Book Read Free

Rome Noir

Page 14

by Chiara Stangalino


  Curreli sat down: I was wondering if you could help me. See, my daughter won’t talk to me, she wants to put a diamond stud in her nose … Well … you seem knowledgeable about these things.

  Deborah thrust her head back until you could hear the bones of her neck snap.

  —How can we help you kids if you won’t speak to us, huh? What, exactly, have we done to deserve so much hatred? What? Curreli implored with feeling. The face of his daughter Manuela had suddenly superimposed itself on that of Deborah seated before him.

  The girl looked at him with a mix of astonishment and affection. Dr. Vanni and Marchini could not believe their eyes when she reached out a hand to caress Curreli’s stubbly cheek.

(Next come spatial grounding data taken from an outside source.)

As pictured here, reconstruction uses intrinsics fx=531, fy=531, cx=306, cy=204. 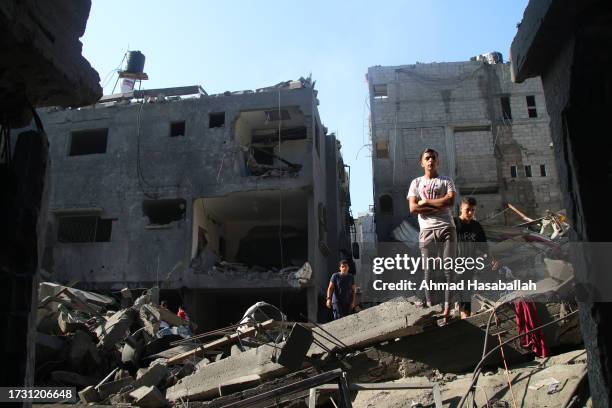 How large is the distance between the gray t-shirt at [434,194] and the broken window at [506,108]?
21661 millimetres

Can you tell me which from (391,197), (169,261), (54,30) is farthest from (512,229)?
(54,30)

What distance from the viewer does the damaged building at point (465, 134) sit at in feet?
79.5

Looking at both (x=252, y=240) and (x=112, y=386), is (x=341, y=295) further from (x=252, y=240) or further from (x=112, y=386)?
(x=252, y=240)

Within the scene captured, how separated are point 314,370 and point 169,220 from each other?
49.5ft

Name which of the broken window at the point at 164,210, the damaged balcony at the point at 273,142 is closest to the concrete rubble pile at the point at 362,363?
the damaged balcony at the point at 273,142

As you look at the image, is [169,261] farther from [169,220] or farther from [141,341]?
[141,341]

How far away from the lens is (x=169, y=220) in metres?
19.9

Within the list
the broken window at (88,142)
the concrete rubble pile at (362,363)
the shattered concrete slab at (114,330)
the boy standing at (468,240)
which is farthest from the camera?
the broken window at (88,142)

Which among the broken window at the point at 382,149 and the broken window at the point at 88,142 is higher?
the broken window at the point at 382,149

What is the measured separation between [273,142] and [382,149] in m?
7.42

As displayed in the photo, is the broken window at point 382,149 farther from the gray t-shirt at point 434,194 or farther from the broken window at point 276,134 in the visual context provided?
the gray t-shirt at point 434,194

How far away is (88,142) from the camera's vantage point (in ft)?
69.7

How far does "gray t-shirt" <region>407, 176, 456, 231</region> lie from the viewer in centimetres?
541

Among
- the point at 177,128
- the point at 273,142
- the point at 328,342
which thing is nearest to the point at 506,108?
the point at 273,142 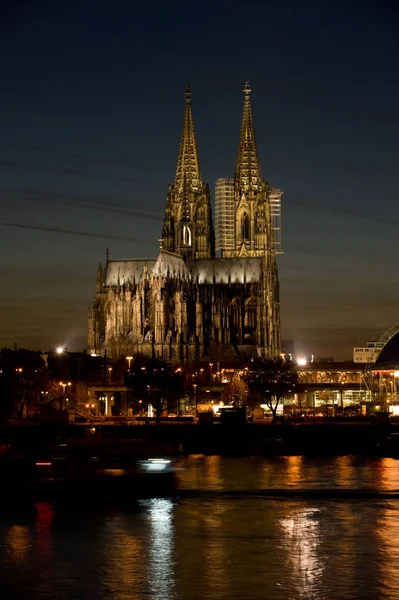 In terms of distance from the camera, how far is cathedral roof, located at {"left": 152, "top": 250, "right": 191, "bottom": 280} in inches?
6516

  Then something extraordinarily clear appears in your eyes. What did you do? you ask. Just like that. As if you had realized that, in the tedious course of things, it is nevertheless impossible to get away with a slaughtered body scot-free. And I know what’s left. What’s left is to end it. Get dressed and go, I say. And you? you ask. Me, I’ll manage, I say. I’ll manage. I stand waiting to hear the door close behind you as you leave. I glance around me, looking for … looking for a plausible finale … and it all seems clear to me …

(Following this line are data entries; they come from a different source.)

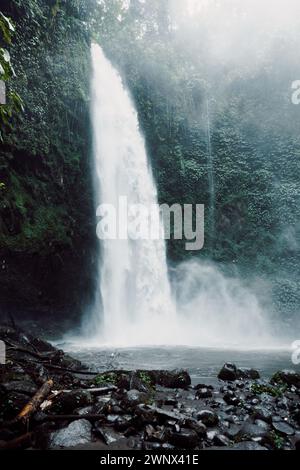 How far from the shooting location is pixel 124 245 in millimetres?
14164

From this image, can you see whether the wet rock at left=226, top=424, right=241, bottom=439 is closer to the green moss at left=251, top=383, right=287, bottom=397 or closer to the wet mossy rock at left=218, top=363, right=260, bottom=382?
the green moss at left=251, top=383, right=287, bottom=397

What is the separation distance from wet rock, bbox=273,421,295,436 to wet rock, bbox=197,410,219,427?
64 cm

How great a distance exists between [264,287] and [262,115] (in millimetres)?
10777

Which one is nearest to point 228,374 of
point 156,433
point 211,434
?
point 211,434

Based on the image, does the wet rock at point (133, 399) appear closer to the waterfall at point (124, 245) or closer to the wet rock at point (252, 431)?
the wet rock at point (252, 431)

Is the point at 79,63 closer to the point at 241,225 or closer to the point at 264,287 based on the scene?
the point at 241,225

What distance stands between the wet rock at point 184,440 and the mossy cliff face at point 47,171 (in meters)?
9.59

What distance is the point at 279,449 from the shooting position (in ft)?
9.95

  With incredible lightness the girl rose from the chair, leaned toward the commissioner, and whispered a name, just a name.

  PART III

  PASTA, WINE & BULLETS

  CHRISTMAS EVES

  BY GIANRICO CAROFIGLIO

  Stazione Termini

  Translated by Ann Goldstein

  It was Christmas Eve, in the vast concourse of Stazione Termini. Marshal Bovio, his mood grim, his hands deep in the pockets of his big regulation overcoat, swam against the current of a desolate river of men and women. Small groups of pinched dark faces; lost gazes and a few laughs—too loud—to summon up cheer; the faces of vagrants, of old women bent over shopping carts, pushing their little piles of possessions. Unmindful—or unconscious—of everything around them. Normal faces, having ended up there by mistake, on Christmas Eve, in the cold of the station rather than the warmth of their own houses.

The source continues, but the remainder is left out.